How UDL and technology help all learn and prepare for careers of the future
Universal design (UD) in education stems from the architectural field. Architects use UD to ensure appropriate accessibility for all who use a particular building. This same premise is the foundation of UD in education, creating the foundation for Universal Design for Learning or as it is commonly referred, UDL. UDL is a curriculum-design process that begins with planning for every student, making instruction more effective, and providing opportunity for teachers to maintain their individuality and creativity (Novak & Rose, 2016). UDL is important in special education because it allows learners of all abilities to access the same curriculum as their typical peers, and essential component of a free and appropriate education. Planning instruction in all classrooms should include the principles of UDL in order to best meet the diverse needs of all students. UDL provides the framework for meeting the individual needs of students while planning for everyone, essentially providing the opportunity for teachers to be more efficient and effective in their instruction while setting the stage for more effective collaboration (Courey, Tappe, Siker, & LePage, 2012). For students with disabilities, technology tools can make a dramatic difference and ultimately “level the playing field”.

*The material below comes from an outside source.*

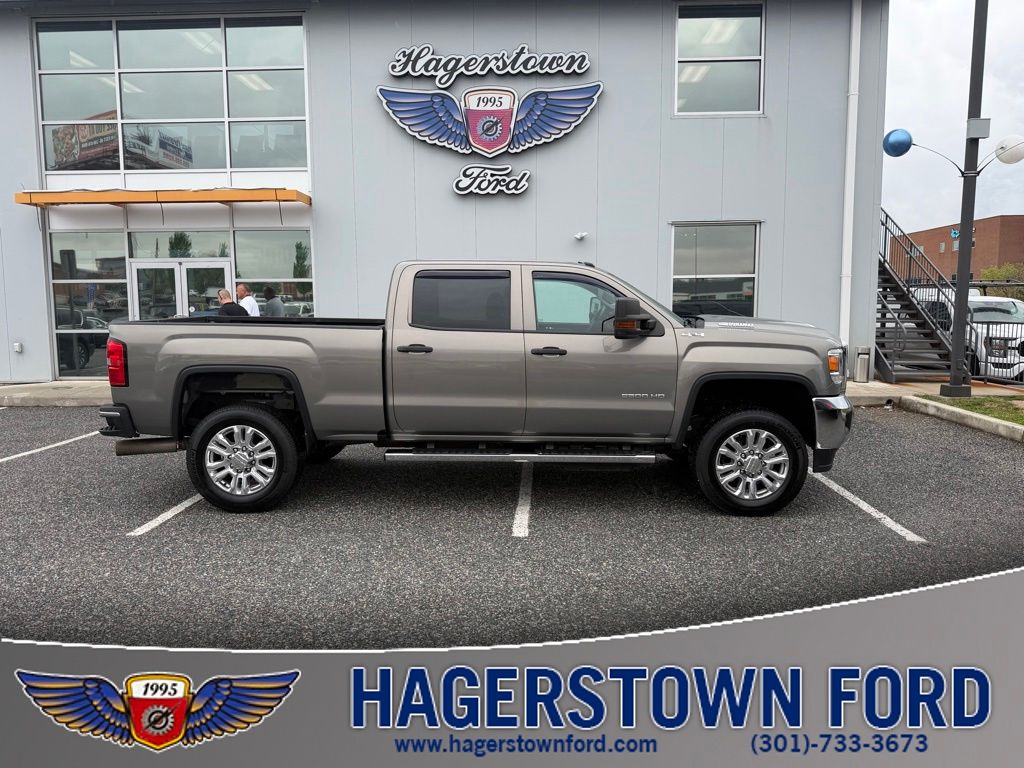 2017 GMC Sierra 4WD Crew Cab Standard Box's photo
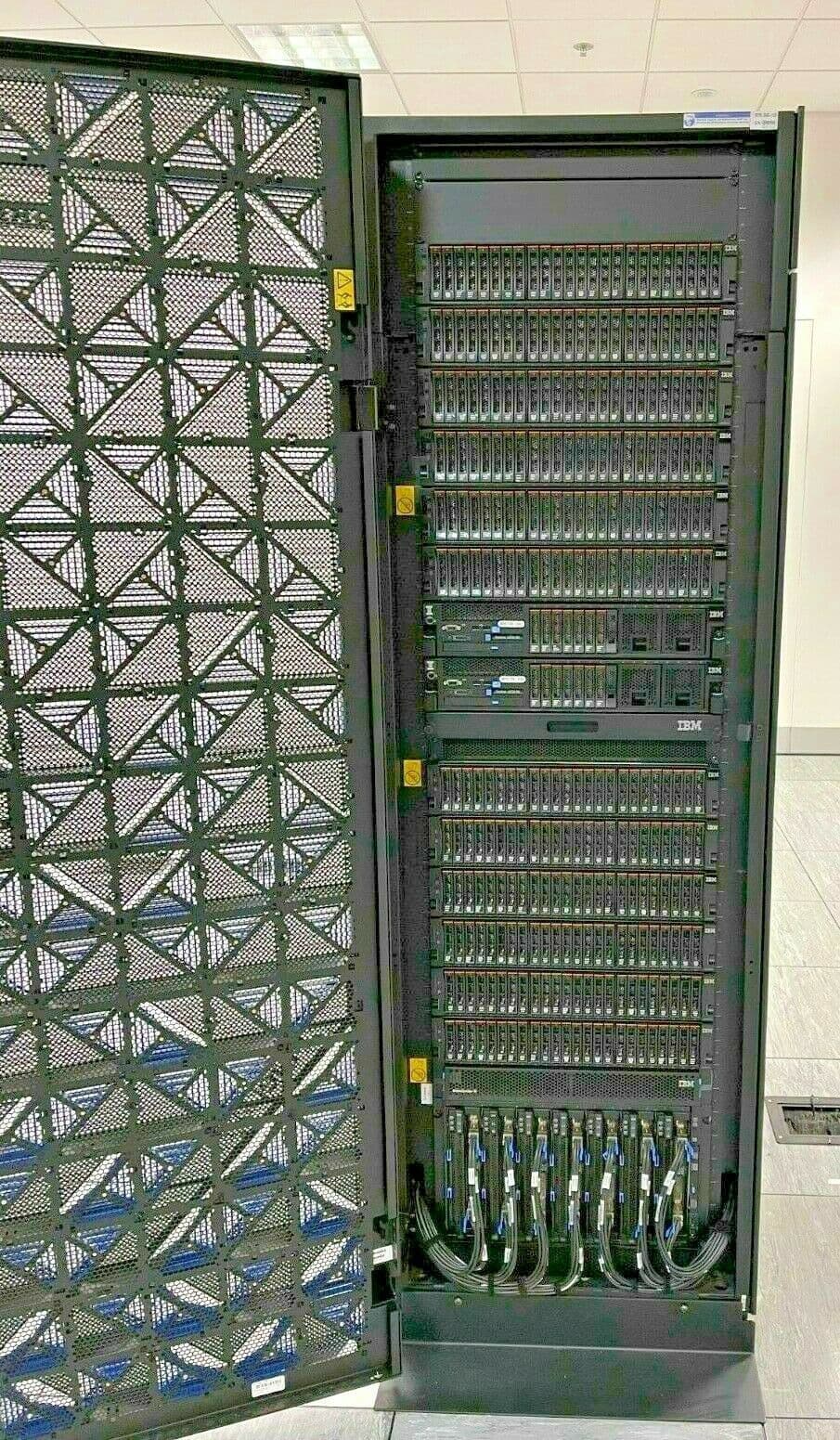 IBM Netezza Pure Data 3565/ED1 Storage EXP2524 172 8TB Enclosure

However, UDL is not only for the special education classroom or special needs student. This curricular design strategy incorporates differentiation, customization, choice, and opportunity for both student and educator to focus on strengths and interest. Students are asked to take part in their learning through choices in the modality for exploration and expression to increase engagement and persistence. Self-assessment and reflection support student ownership. Each student is unique, with individual strengths and interests which ultimately serve to drive their learning and growth. We must meet these diverse learners with customizable, flexible curricula to support personalized growth and development.